**What to do**
Reproduce exactly, and solely, the lines running from the top of the data below through the line with "Eléments de décoration", both inclusive. Omit pictures.

(Given records)

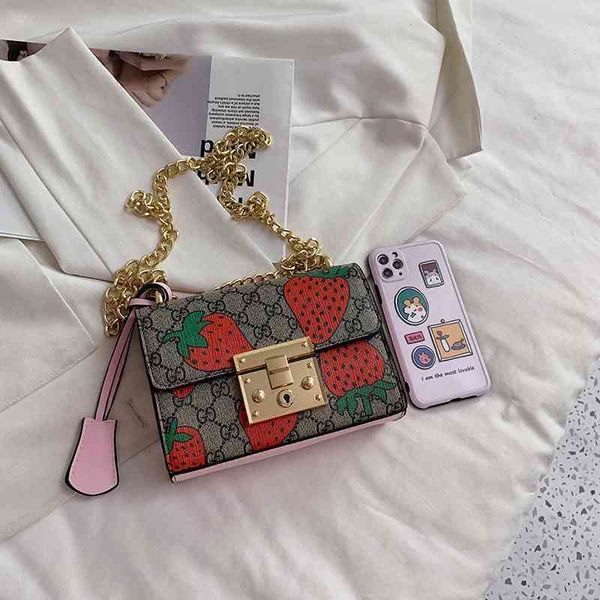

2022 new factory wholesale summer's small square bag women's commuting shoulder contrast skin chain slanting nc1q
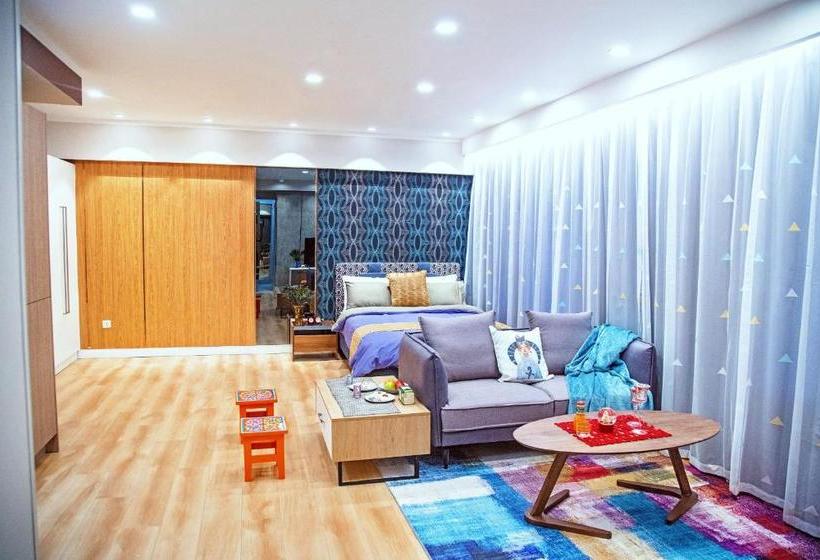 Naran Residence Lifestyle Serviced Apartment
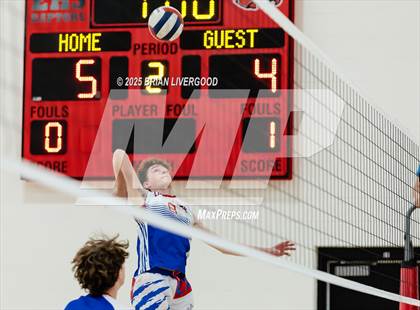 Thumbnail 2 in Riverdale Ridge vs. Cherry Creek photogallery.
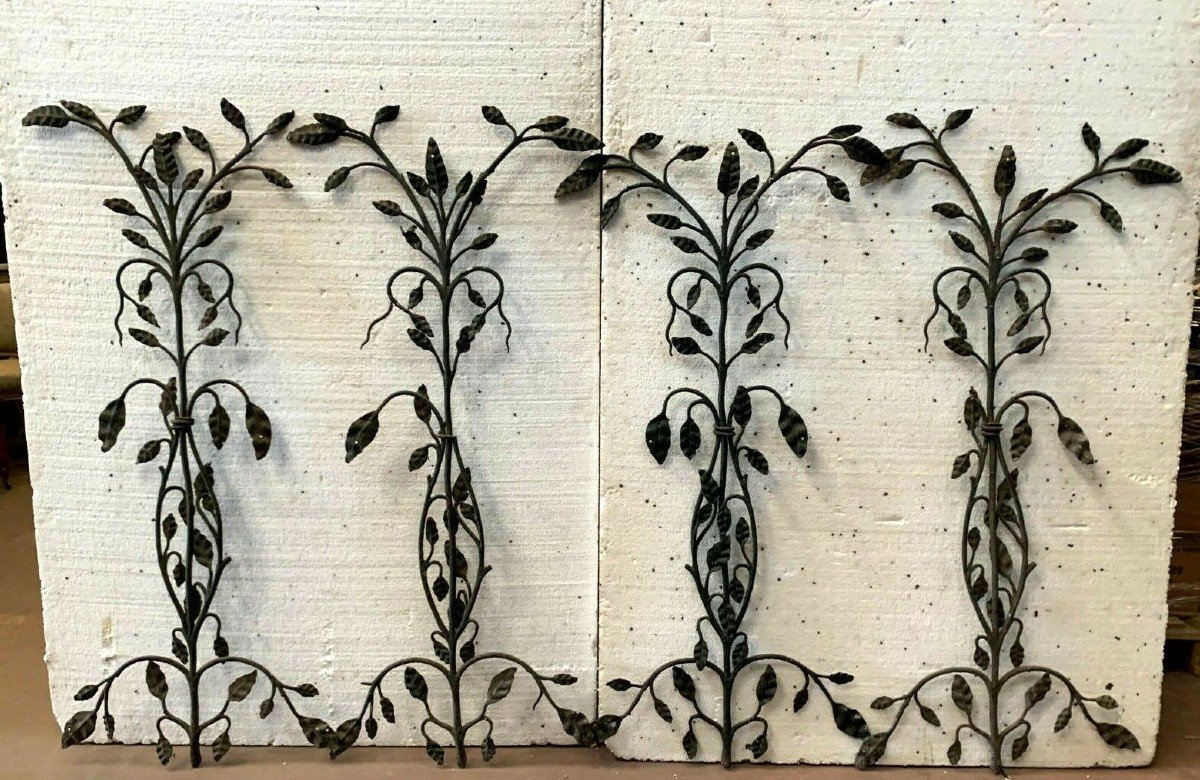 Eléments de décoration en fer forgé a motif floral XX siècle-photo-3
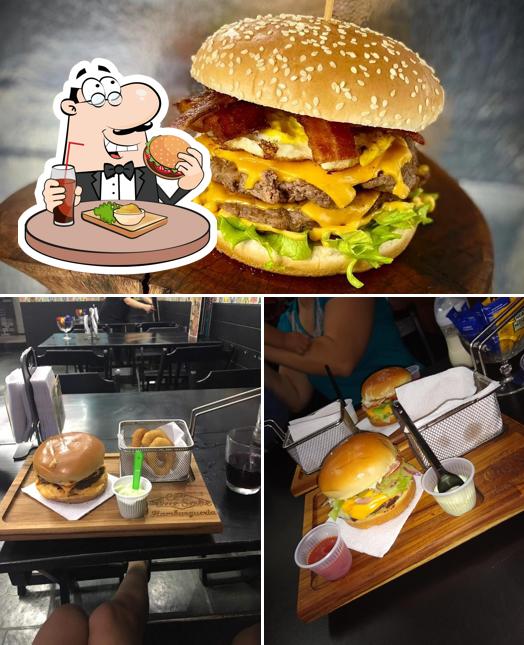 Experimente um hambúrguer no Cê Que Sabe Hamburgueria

(End Given records)

**Response**
2022 new factory wholesale summer's small square bag women's commuting shoulder contrast skin chain slanting nc1q
 Naran Residence Lifestyle Serviced Apartment
 Thumbnail 2 in Riverdale Ridge vs. Cherry Creek photogallery.
 Eléments de décoration en fer forgé a motif floral XX siècle-photo-3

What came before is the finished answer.